Следом убыли груддисы. Их ундир, уже выходя, на пороге вдруг громогласно потребовал чарку. Вялый корчёмный гул, совсем было сошедший на нет, мигом взъярился, ровно костёр, которому скормили сухостой, облитый смолой.

— По весне груддисов подрезали. Ну, тех, что здесь, в окрестностях лиходейничали. Если кто-то думает, что все мы такие, пусть только кивнёт, чтобы я видел, чью башку отрывать. Не то, чтобы мы паиньками по морям ходили, но направо и налево резать своих и чужих тоже неправильно.
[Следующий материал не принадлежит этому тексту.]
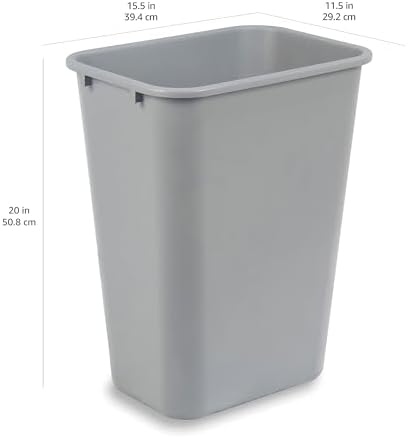 Amazon Basics Rectangular Commercial Office Wastebasket, Easy to Clean, 10 Gallon, Grey, 2-Pack - Image 6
Стюжень и Безрод переглянулись. Под гогот и оружейный звон рыжий бородач, заросший до самых синих глаз, опрокинул чару, перевернул, вытряхнул, швырнул в стену.

— Говорят, бояны покрошили их просто в капусту. Дуракам туда и дорога, но хотел бы я опрокинуть чарку-другую с тем умельцем, который это сделал. И то не знаю, когда отмоемся. Слава племени придурков далеко разбежалась, хорошо хоть сейчас повезло. Наняли. Эй ты, метатель ножей! Много не пей, в следующий раз может не повезти…

Сивый кивнул, поднял руку, прощаясь. Ушли полуденники, их увел предводитель, не большой и не маленький, не худой и не тощий. Выходя последним, он пару мгновений пристально вглядывался в Безрода, будто мысленно повязку с лица срывал. Даже прищурился. Наконец, кивнул и вышел за порог.

— А нет мест, — в паре шагов от стола хозяин, оправдываясь перед Стюженем, виновато развел руками. — Никогда такого не было, но даже конюшенное сено разобрали. Вон, лодейщики тоже на кораблях ночуют.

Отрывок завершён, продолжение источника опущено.